EXERCISE DIRECTIONS: Transcribe exactly, and only, the lines running from the one that contains "Karma Is The Guy On The Chiefs Logo Shirt" through the last line of the material. No pictures.

*** DATASET EXTRACT ***

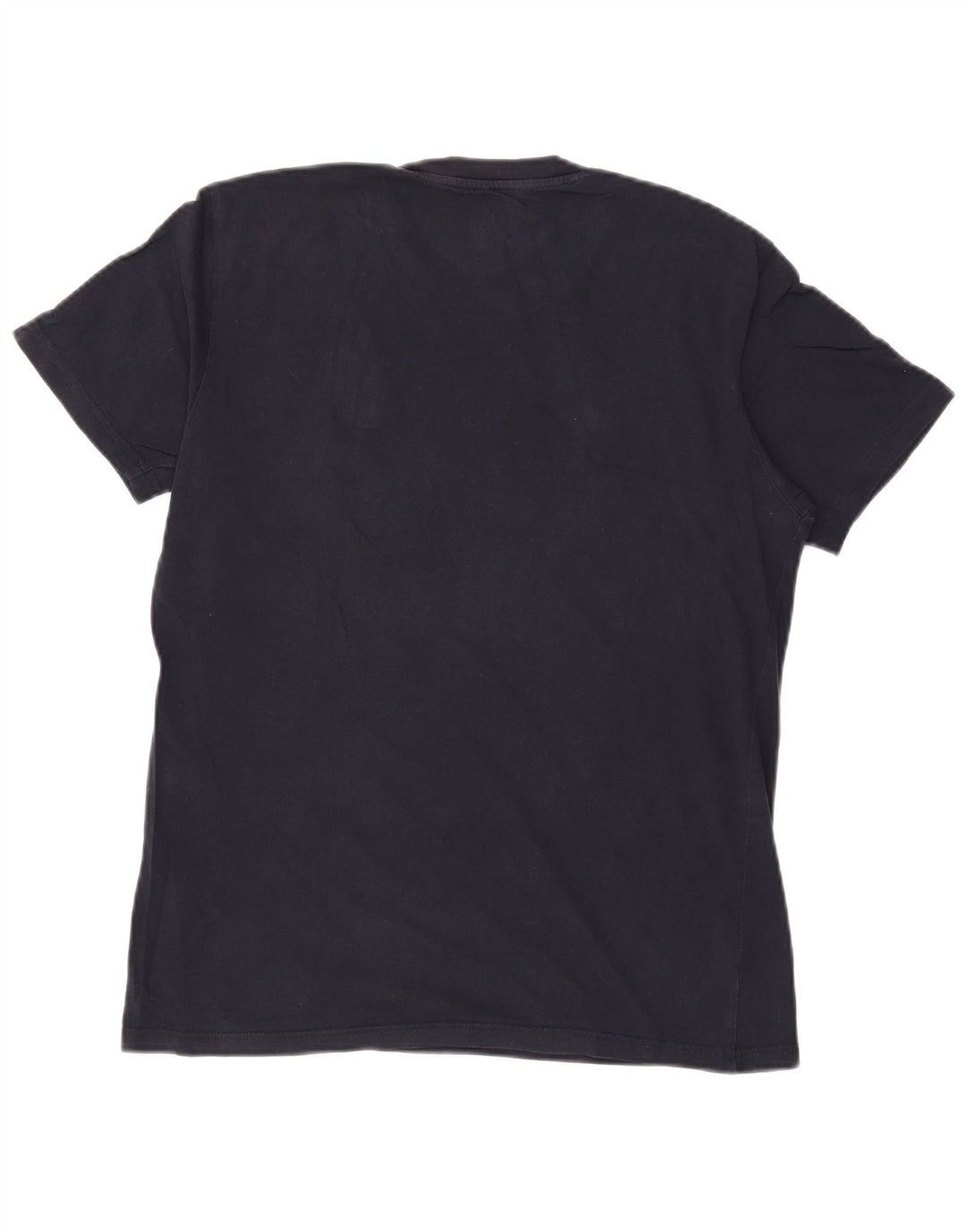 Camiseta masculina Lee Regular Fit com estampa gráfica pequena azul marinho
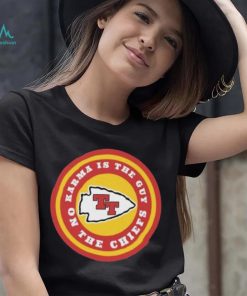 Karma Is The Guy On The Chiefs Logo Shirt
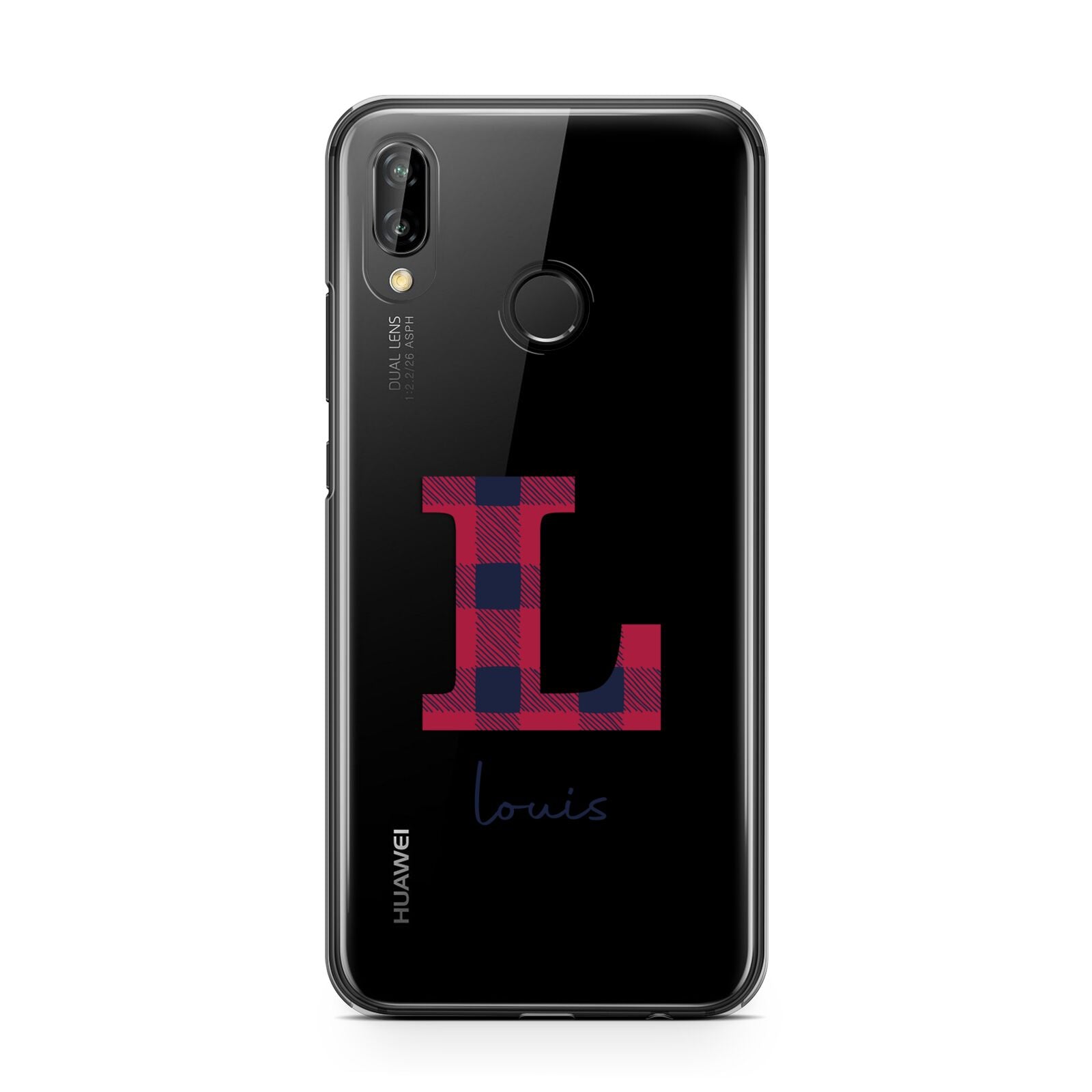 Christmas Tartan Personalised Huawei P20 Lite Phone Case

***

SOLUTION BELOW:
 Karma Is The Guy On The Chiefs Logo Shirt
 Christmas Tartan Personalised Huawei P20 Lite Phone Case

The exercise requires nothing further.